All’architetto del Vittoriale, il fido e sagace Gian Carlo Maroni, il poeta assegna un mandato ineludibile: le strutture abitative o monumentali debbono quanto è possibile integrarsi con il paesaggio intorno. Sin nella Piazza Dalmata antistante la Prioria affluisce un’onda mossa e fragrante di pitosfori, quasi indice teso verso la contigua pinus nigra svettante alta nel cielo. Impossibile poi, per d’Annunzio, resistere all’impulso di trasformare un brano di natura viva in invenzione fantastica: egli lo cala in una trama avvolgente di finzioni onomastiche, allegorie, geroglifici, figure sospese in un’attitudine misteriosamente allusiva, entro una vicenda sempre nuova di apparizioni e corrispondenze simboliche, di prospettive curiose. Natura e Arte si rivelano più che mai un unico “dio bifronte”. E a questo spazio di metamorfosi e al suo concerto di sensazioni compenetrate cospira una profusione doviziosa di oleandri, palmizi, acanti, rododendri, soprattutto di cipressi ed ulivi (“Ulivi del Garda tanto umani! Magri, svelti, col tronco diviso, senza mole, tutti respiro e attenzione, ariosi e ingegnosi…”), tra siepi di lauro e di mirto, mentre l’astrazione geometrica che ordina le terrazze di un’antica limonaia (di cui si conserva ancora l’impianto di irrigazione settecentesco) convive a sorpresa con l’ardente sensualità di un roseto vermiglio.
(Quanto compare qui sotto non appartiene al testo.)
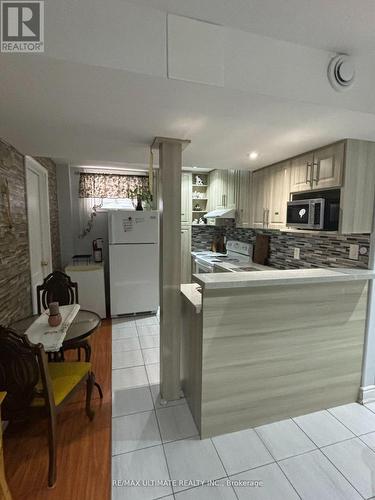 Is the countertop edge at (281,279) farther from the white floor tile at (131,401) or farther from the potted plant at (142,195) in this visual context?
the potted plant at (142,195)

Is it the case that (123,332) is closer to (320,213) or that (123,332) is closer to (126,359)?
(126,359)

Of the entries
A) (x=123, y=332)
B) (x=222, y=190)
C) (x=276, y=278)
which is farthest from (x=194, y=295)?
(x=222, y=190)

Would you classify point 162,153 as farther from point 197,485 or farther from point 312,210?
point 197,485

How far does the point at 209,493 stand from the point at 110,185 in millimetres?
4163

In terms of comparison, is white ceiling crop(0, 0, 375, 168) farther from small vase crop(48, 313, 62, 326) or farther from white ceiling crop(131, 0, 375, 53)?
small vase crop(48, 313, 62, 326)

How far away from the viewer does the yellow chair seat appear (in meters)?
1.56

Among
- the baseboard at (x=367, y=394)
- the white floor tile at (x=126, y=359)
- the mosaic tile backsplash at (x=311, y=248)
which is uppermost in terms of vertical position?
the mosaic tile backsplash at (x=311, y=248)

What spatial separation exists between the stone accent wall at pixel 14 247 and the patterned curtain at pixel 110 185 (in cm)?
174

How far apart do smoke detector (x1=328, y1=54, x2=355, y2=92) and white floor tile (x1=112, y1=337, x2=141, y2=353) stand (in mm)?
2938

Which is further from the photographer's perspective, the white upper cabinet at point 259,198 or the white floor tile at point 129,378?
the white upper cabinet at point 259,198

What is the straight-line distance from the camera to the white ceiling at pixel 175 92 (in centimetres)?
101

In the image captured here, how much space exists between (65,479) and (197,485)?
0.76 metres

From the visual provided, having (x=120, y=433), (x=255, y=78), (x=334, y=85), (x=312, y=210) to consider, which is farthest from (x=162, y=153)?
(x=120, y=433)

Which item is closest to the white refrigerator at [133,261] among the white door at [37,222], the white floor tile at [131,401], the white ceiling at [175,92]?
the white door at [37,222] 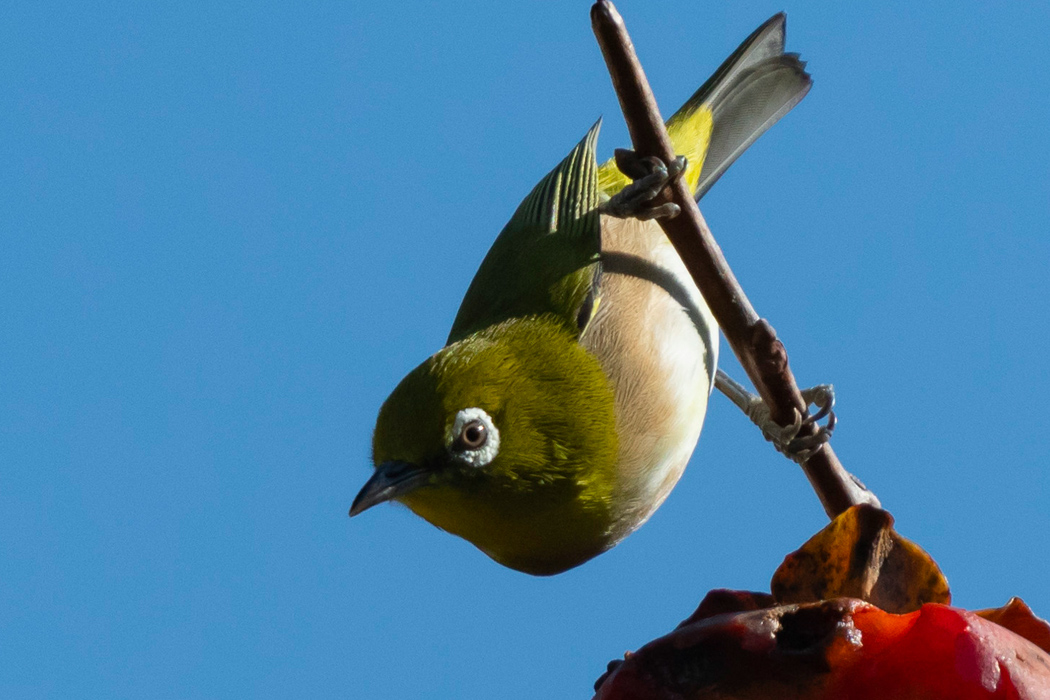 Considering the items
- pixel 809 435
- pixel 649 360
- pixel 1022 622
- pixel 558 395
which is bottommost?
pixel 1022 622

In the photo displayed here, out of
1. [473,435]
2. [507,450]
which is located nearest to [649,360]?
[507,450]

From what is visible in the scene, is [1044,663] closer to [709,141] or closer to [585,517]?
[585,517]

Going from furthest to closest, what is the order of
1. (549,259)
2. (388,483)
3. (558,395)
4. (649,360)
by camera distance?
(549,259)
(649,360)
(558,395)
(388,483)

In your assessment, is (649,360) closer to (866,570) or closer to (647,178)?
(647,178)

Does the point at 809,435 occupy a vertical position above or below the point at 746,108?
below

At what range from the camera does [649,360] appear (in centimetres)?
414

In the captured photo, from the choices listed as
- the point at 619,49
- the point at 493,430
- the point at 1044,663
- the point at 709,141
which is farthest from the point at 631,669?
the point at 709,141

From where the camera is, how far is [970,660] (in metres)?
1.39

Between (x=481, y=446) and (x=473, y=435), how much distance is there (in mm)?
48

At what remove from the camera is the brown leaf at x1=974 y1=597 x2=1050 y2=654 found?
5.28 ft

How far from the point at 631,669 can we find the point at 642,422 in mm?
2488

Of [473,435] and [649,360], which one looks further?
[649,360]

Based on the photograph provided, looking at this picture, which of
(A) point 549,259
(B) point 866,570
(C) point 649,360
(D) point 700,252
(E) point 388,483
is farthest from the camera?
(A) point 549,259

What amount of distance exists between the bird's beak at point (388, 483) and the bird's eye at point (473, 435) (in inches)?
6.2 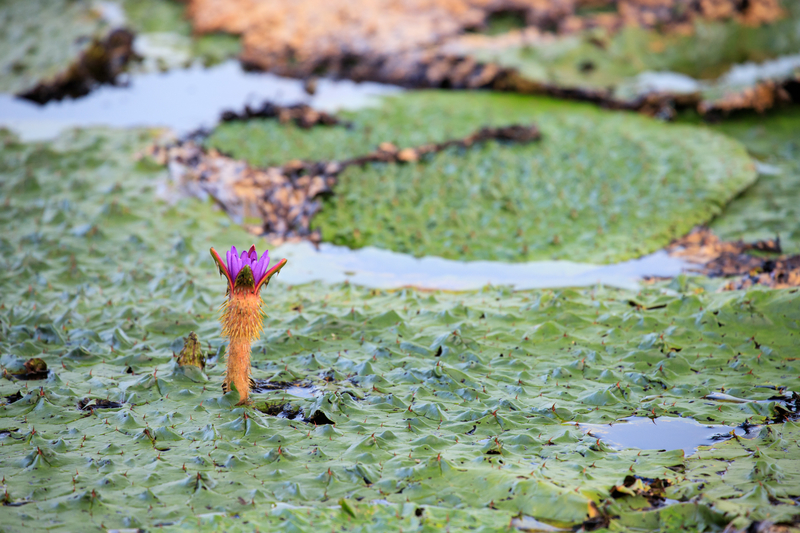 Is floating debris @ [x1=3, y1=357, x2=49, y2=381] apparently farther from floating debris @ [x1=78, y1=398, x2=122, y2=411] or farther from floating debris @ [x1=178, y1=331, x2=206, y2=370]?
floating debris @ [x1=178, y1=331, x2=206, y2=370]

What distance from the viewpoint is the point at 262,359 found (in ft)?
15.3

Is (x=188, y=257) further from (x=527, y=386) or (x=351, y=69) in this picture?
(x=351, y=69)

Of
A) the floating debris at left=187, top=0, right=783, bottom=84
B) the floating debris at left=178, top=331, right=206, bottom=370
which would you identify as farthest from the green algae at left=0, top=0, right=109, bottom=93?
the floating debris at left=178, top=331, right=206, bottom=370

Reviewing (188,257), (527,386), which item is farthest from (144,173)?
(527,386)

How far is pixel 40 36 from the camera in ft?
37.4

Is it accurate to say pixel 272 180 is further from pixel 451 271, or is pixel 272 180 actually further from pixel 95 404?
pixel 95 404

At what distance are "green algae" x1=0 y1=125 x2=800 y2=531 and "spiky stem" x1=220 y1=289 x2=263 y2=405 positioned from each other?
4.7 inches

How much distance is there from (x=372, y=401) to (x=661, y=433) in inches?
64.7

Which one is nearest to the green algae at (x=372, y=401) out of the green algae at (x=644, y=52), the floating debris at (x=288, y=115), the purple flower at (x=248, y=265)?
the purple flower at (x=248, y=265)

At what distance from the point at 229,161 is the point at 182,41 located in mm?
4885

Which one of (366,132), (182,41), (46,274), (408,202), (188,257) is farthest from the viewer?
(182,41)

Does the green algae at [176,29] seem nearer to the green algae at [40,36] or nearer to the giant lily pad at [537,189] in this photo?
the green algae at [40,36]

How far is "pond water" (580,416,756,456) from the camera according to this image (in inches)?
150

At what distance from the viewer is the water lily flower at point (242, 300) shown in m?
3.76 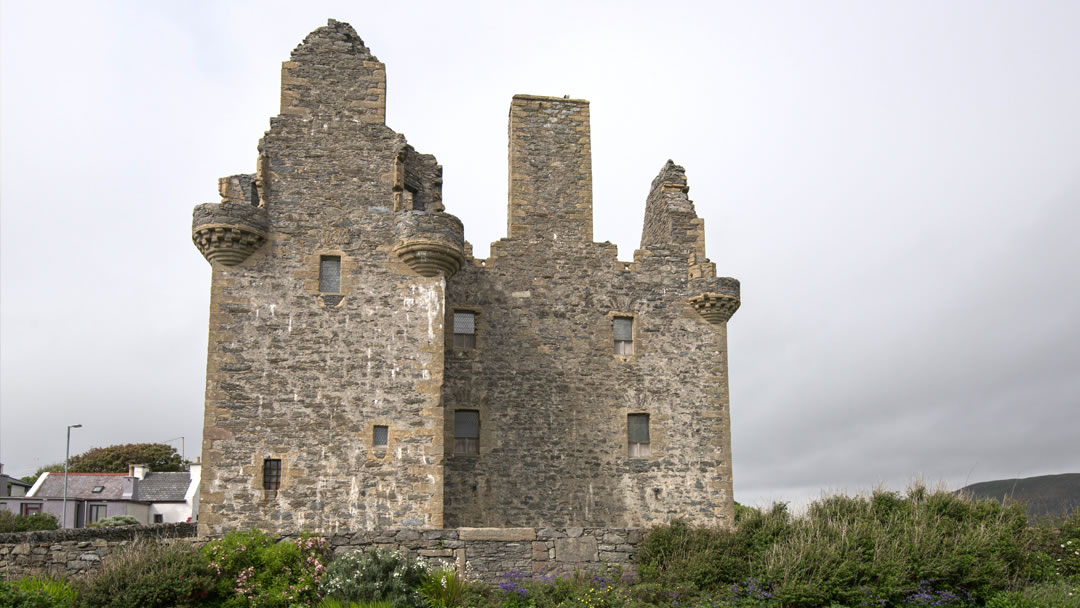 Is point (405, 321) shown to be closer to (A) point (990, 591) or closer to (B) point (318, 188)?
(B) point (318, 188)

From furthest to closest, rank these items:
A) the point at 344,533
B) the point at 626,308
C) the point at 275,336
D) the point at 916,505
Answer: the point at 626,308 < the point at 275,336 < the point at 916,505 < the point at 344,533

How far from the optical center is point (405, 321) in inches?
769

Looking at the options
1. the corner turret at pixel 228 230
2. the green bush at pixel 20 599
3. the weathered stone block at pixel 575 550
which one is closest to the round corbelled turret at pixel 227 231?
the corner turret at pixel 228 230

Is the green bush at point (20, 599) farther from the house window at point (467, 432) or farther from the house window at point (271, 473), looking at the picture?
the house window at point (467, 432)

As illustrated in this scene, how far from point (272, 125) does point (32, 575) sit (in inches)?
401

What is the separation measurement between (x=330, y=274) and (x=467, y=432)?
→ 552 cm

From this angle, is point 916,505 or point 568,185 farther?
point 568,185

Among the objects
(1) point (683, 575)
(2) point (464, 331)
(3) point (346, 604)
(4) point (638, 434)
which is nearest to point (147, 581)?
(3) point (346, 604)

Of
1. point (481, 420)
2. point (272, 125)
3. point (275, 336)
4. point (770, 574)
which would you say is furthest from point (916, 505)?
point (272, 125)

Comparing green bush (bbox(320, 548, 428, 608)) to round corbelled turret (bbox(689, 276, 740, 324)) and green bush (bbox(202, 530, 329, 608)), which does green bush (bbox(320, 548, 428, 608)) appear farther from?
round corbelled turret (bbox(689, 276, 740, 324))

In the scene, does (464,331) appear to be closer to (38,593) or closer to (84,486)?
(38,593)

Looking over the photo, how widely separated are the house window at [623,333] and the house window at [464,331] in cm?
369

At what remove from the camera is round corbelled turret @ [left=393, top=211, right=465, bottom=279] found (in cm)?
1959

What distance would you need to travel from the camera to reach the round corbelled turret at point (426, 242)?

Per ogni dove fruttifica il melograno, che d’Annunzio promuove a emblema del suo sentimento d’esistere in un ciclo esaltante di morte e rinascita, come nel mito di Persefone, e che -nel Frutteto- trova la sua apoteosi scultorea nell’opulenta Canefora di Napoleone Martinuzzi. Ed è come se, pur nel fervente rispetto della vegetazione più tipica del lago, d’Annunzio si compiacesse di ripercorrere i tanti giardini della sua letteratura (nutriti oltretutto di esattissime nozioni botaniche), arieggiando di volta in volta il ritmo plastico del giardino toscano, i giardini “di pompa e di delizia” della tradizione lagunare, il chiaroscuro barocco dei parchi boschivi nelle ville romane. Così l’hortus conclusus del Frutteto si fregia di una teoria di aquile di pietra, citazione di un motivo decorativo del parco di Villa d’Este a Tivoli.